Q2533 Tuning Windows NT's TCP/IP suite to suit Citect

Summary:

For the most part, TCP/IP on Windows NT is tuned for use to suit a desktop operating system or application server. Most of it's typical network load comprises large, file based blocks of data. The associated network architecture is mostly fairly simple, and it is not usually found in mission critical situations. In contrast, Citect systems often exchange large amounts of data using many small network packets. Networked Citect often requires complex switched topologies, with redundancy on top of that. Even so, NT on it's own has desirable qualities for use with Citect, being familiar, reliable and so on. How can I get the best out of TCP/IP on NT and therefore assure myself of optimal performance when it is used in Citect solutions?

Solution:

This subject never used to be an issue, really. Everybody used NetBEUI or IPX with their Citect systems, which are largely self tuning or even non-tunable. In the meantime, the Internet has taken off, WAN requirements are up and Microsoft has done a fair bit of work on their TCP/IP suite to improve it's performance. So much so that now we usually recommend using TCP/IP because it seems to be the fastest transport protocol there is at present. Even though Citect's networking features extensive tuning possibilities, it is still dependent on the provision of networking services by NT. As a result, getting the best out of Citect on NT requires a bit of knowledge regarding NT's operation.
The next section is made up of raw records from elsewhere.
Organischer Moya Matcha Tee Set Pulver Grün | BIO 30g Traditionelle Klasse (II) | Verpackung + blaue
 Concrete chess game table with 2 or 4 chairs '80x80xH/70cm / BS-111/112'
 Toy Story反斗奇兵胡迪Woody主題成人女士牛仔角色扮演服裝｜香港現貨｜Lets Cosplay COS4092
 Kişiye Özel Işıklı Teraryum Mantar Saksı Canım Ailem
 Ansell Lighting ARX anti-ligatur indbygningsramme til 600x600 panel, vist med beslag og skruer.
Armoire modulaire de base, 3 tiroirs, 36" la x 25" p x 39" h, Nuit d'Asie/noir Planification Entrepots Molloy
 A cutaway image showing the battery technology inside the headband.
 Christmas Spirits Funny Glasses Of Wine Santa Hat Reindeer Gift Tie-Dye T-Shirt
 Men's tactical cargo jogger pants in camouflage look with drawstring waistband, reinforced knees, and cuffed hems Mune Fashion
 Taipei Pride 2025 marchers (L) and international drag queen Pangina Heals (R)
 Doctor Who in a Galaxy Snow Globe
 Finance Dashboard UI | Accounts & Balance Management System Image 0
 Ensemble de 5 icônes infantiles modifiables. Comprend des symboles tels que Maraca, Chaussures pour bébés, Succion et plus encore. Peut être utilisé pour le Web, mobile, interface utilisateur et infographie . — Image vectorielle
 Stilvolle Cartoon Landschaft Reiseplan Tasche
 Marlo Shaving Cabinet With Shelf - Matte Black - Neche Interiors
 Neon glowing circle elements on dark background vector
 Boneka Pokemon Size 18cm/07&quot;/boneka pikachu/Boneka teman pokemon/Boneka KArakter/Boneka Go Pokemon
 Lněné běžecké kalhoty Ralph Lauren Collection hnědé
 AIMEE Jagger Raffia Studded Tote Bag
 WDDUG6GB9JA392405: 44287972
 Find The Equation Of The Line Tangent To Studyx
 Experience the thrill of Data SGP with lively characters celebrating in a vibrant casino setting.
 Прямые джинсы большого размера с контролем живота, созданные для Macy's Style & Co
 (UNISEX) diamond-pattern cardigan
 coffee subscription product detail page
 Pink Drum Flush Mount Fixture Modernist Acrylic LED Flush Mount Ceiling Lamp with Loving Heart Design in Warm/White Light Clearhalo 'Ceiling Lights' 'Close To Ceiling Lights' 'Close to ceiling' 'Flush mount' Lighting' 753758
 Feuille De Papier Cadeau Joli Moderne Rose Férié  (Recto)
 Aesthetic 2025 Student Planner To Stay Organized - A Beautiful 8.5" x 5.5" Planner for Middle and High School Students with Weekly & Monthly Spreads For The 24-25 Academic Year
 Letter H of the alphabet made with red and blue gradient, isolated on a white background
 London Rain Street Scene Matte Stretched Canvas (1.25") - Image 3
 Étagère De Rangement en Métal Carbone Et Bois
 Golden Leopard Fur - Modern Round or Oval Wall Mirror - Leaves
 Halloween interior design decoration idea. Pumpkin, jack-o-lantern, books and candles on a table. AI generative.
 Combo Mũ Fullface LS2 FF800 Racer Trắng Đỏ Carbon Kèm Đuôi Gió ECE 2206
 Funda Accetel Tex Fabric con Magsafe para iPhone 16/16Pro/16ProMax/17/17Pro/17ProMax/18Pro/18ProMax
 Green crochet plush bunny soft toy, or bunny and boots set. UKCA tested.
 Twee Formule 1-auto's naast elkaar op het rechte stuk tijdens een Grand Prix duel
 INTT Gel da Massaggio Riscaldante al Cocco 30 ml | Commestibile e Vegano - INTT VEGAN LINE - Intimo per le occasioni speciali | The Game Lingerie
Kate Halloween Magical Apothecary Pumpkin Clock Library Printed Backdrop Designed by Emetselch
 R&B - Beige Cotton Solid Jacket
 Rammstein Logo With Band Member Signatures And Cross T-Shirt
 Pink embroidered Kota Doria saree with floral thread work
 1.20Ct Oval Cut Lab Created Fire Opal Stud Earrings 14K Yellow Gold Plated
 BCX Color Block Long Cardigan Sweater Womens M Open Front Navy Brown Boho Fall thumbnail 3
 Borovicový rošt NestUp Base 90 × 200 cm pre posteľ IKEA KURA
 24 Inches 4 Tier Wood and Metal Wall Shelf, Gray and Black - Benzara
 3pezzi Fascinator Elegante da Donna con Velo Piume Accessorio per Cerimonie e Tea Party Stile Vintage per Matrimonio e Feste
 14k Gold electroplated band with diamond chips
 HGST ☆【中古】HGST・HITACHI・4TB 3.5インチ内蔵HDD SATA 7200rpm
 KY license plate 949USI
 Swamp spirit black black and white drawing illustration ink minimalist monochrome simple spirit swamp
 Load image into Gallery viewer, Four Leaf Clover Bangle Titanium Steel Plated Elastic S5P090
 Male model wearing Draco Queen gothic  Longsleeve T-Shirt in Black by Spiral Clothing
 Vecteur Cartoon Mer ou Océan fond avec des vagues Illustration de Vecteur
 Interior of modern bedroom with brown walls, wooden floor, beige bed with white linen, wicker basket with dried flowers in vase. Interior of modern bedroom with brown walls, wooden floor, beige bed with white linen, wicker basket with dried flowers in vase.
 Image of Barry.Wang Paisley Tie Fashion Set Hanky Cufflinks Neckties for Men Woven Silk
Piggybacking Acknowledgments

In order to guarantee delivery of network traffic, TCP dictates message acknowledgments to confirm the receipt of data. Trying to kill two birds with one stone (not to mention cutting down on net traffic), TCP will often hold on waiting for further traffic to a certain destination in order to include the ack for a previous transmission in a subsequent message. More information on this subject can be found in Internet RFC1122. So, the situation is as follows. A Citect client sends a data request to a Citect I/O server. The I/O server responds with the data and includes acknowledgment of the request receipt in with the reply. Client has nothing further to ask for at that time but NT's TCP holds the acknowledgment (of receipt of the data) for a short while in case any more traffic to the I/O server is forthcoming. This short while (100ms) is shorter than the TCP timeout so no re-transmission occurs; nevertheless a delay is caused to the I/O server, waiting for the completion of the transaction. Despite much pestering by CiT, Microsoft has decided against allowing tuning of this behaviour. It is here to stay, and the timeout cannot even be shortened. To allow some latitude therefore, CiT has included in Citect a means of forcing an acknowledgment. This is accomplished by sending a dummy packet (called an 'oink' in deference to the original piggyback) to which NT can attach it's acknowledgment. Using a network protocol analyser or sniffer it is possible to see these oinks as they are transmitted about the place. It is true that they do cause extra network traffic, however the reasoning is that you can turn it off, plus for optimal performance an extra packet (the pure ack) would've had to have been transmitted separately anyway. In tests this feature has been found to improve network performance in some circumstances but by no means all; in some cases throughput is actually degraded. In the latest version of Citect this method of 'killing' piggybackacks is turned on by default. If you are desperately concerned with your network performance, or just want to fiddle around trying to get better throughput, try turning this setting off using [Lan]KillPiggyBackAck=0 in the Citect.ini file.

Nagling

Windows NT TCP/IP implements the Nagle algorithm described in Internet RFC896. When an application does two sends of less than a transport Maximum Transmission Unit (1460 bytes on Ethernet), the second send is delayed until an ACK is received from the remote host. The delay occurs in case the application does another small send. TCP can then coalesce the two small sends into one larger packet. This concept of collecting small sends into larger packets is called Nagling.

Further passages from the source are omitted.